• _Task requirements_
With the images removed, return every line below exactly as it reads.

• _Exercise input_
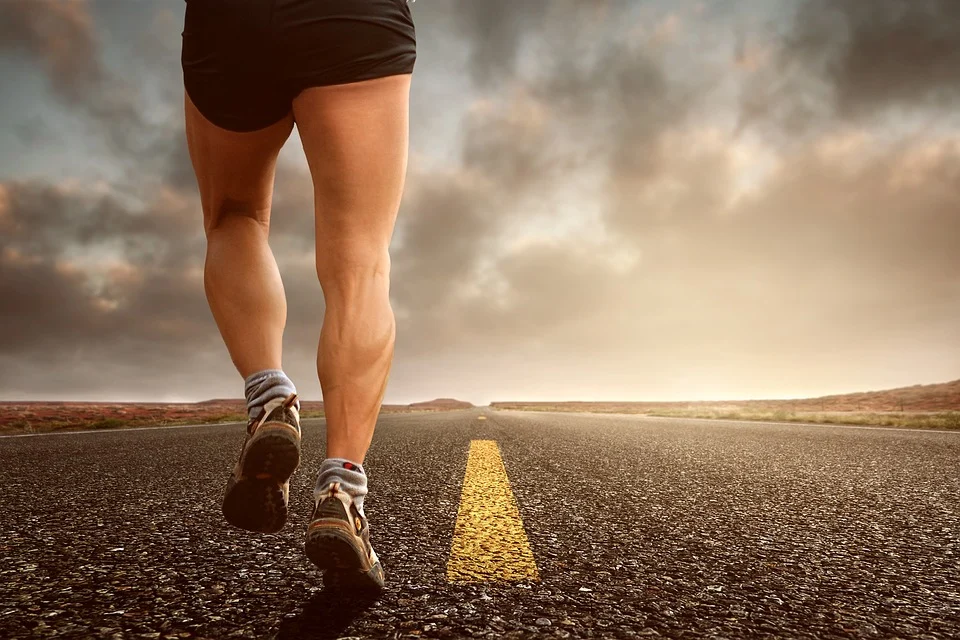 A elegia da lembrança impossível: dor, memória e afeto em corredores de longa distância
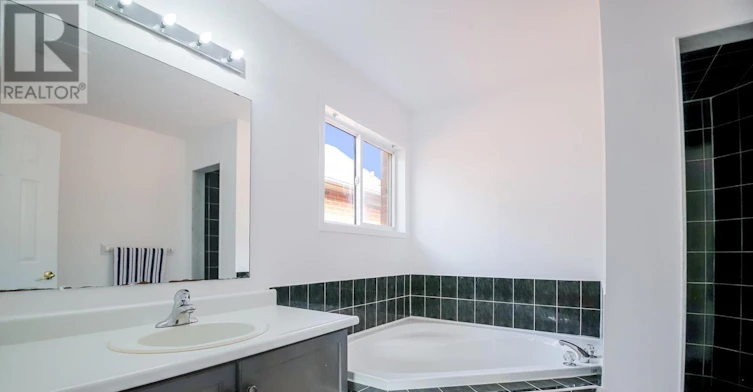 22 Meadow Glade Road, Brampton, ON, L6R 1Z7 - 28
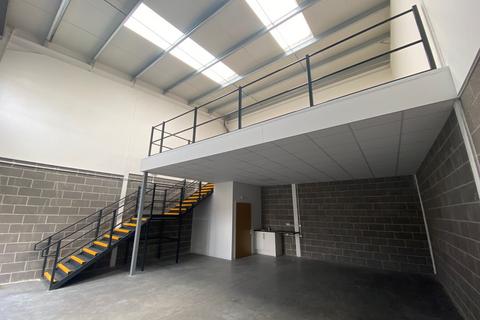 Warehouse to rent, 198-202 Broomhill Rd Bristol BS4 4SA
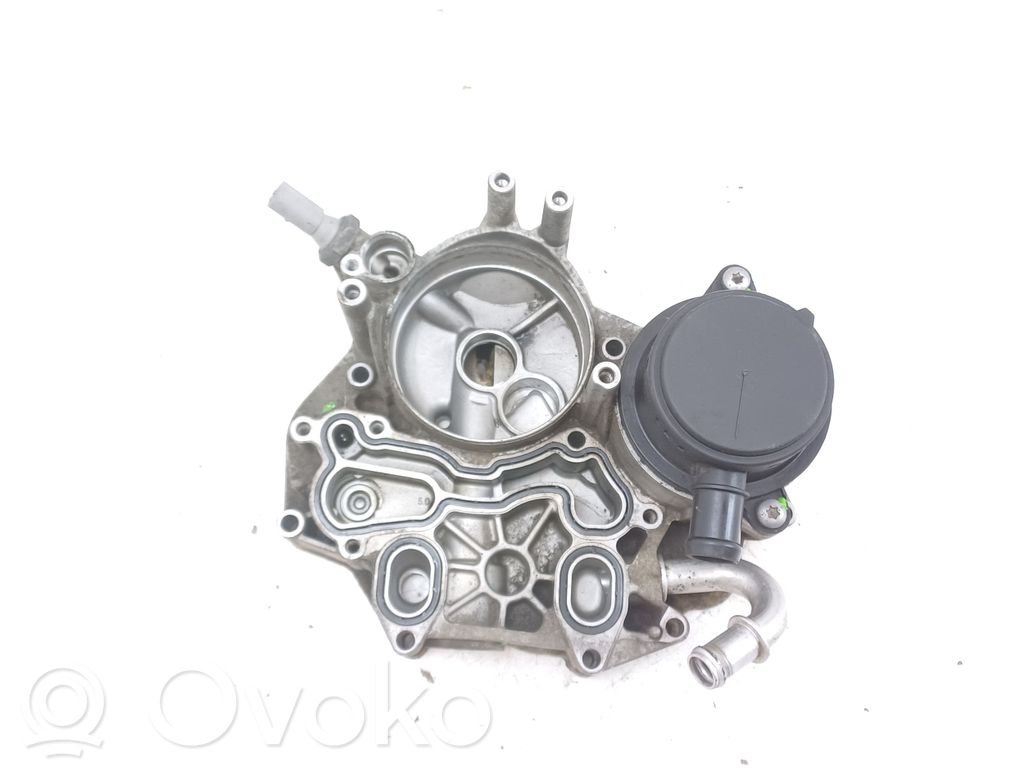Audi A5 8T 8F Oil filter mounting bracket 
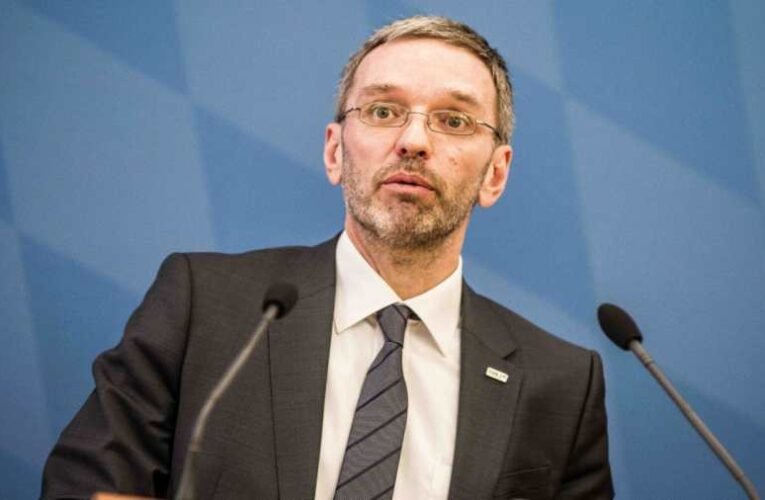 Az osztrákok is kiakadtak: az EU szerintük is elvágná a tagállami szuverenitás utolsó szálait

• _Exercise answer_
 A elegia da lembrança impossível: dor, memória e afeto em corredores de longa distância
 22 Meadow Glade Road, Brampton, ON, L6R 1Z7 - 28
 Warehouse to rent, 198-202 Broomhill Rd Bristol BS4 4SA
Audi A5 8T 8F Oil filter mounting bracket 
 Az osztrákok is kiakadtak: az EU szerintük is elvágná a tagállami szuverenitás utolsó szálait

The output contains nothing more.